Nesheim M E, Taswell J B, Mann K G
J Biol Chem. 1979 Nov 10;254(21):10952-62.
The rates of prothrombin activation under initial conditions of invariant concentrations of prothrombin and Factor Xa were studied in the presence of various combinations of Ca2+, homogeneous bovine Factor V, Factor Va, phosphatidylcholine-phosphatidylserine vesicles, and activated bovine platelets. Reactions were monitored continuously through the enhanced fluorescence accompanying the interaction of newly formed thrombin with dansylarginine-N-(3-ethyl-1,5-pentanediyl) amide. The complete prothrombinase (Factor Xa, Ca2+, phospholipid, and Factor Va) behaved as a "typical" enzyme and catalyzed the activation of prothrombin with an apparent Vmax of 2100 mol of thrombin/min/mol of Factor Va or Factor Xa, whichever was the rate-limiting component. Regardless of whether the enzymatic complex was composed of Factor Xa, Ca2+, and plasma Factor Va plus phospholipid vesicles, or activated platelets in the place of the latter components, similar specific activity values were observed. The combination of Factor Va, Ca2+, and phospholipid enhanced the rate of the Factor Xa-catalyzed activation of prothrombin by a factor of 278,000. Factor Va itself when added to Factor Xa, Ca2+, and phospholipid, enhanced the rate of prothrombin activation by a factor of 13,000. Unactivated Factor V appears to possess 0.27% of the procoagulant activity of thrombin-activated Factor Va. From the kinetics of prothrombinase activity, an interaction between Factor Xa and both Factor V and Factor Va was observed, with apparent 1:1 stoichiometries and dissociation constants of 7.3 x 10(-10) M for Factor Va and 2.7 x 10(-9) M for Factor V. The present data, combined with data on the equilibrium binding of prothrombinase components to phospholipid, indicate that the model prothrombinase described in this paper consists of a phospholipid-bound, stoichiometric complex of Factor Va and Factor Xa, with bound Factor Va serving as the "binding site" for Factor Xa, in concert with its proposed role in platelets.

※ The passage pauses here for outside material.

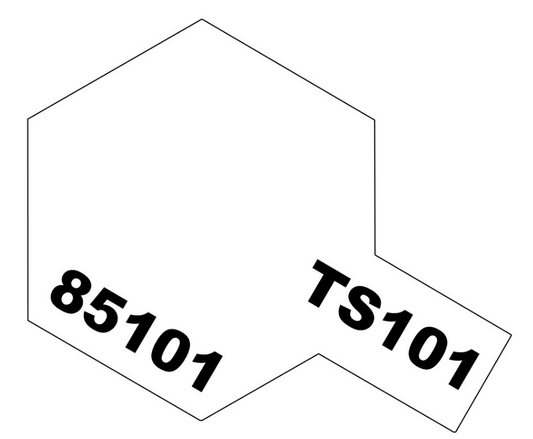 Tamiya Spray Paint 85101 TS-101 Base White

在凝血酶原和因子Xa浓度恒定的初始条件下,研究了在各种Ca2+、均一的牛因子V、因子Va、磷脂酰胆碱 - 磷脂酰丝氨酸囊泡和活化牛血小板组合存在时凝血酶原的活化速率。通过新形成的凝血酶与丹磺酰精氨酸 - N -(3 - 乙基 - 1,5 - 戊二胺)酰胺相互作用所伴随的荧光增强来连续监测反应。完整的凝血酶原酶(因子Xa、Ca2+、磷脂和因子Va)表现为一种“典型”酶,催化凝血酶原的活化,以因子Va或因子Xa(以限速成分计)的摩尔数计,表观Vmax为2100摩尔凝血酶/分钟/摩尔。无论酶复合物是由因子Xa、Ca2+和血浆因子Va加磷脂囊泡组成,还是由活化血小板替代后一组分组成,都观察到相似的比活性值。因子Va、Ca2+和磷脂的组合使因子Xa催化的凝血酶原活化速率提高了278,000倍。当将因子Va本身添加到因子Xa、Ca2+和磷脂中时,凝血酶原活化速率提高了13,000倍。未活化的因子V似乎具有凝血酶活化的因子Va促凝活性的0.27%。从凝血酶原酶活性的动力学来看,观察到因子Xa与因子V和因子Va之间存在相互作用,因子Va的表观化学计量比为1:1,解离常数为7.3×10^(-10) M,因子V的解离常数为2.7×10^(-9) M。本文的数据与凝血酶原酶成分与磷脂平衡结合的数据相结合,表明本文描述的模型凝血酶原酶由因子Va和因子Xa的磷脂结合化学计量复合物组成,结合的因子Va作为因子Xa的“结合位点”,与其在血小板中的假定作用一致。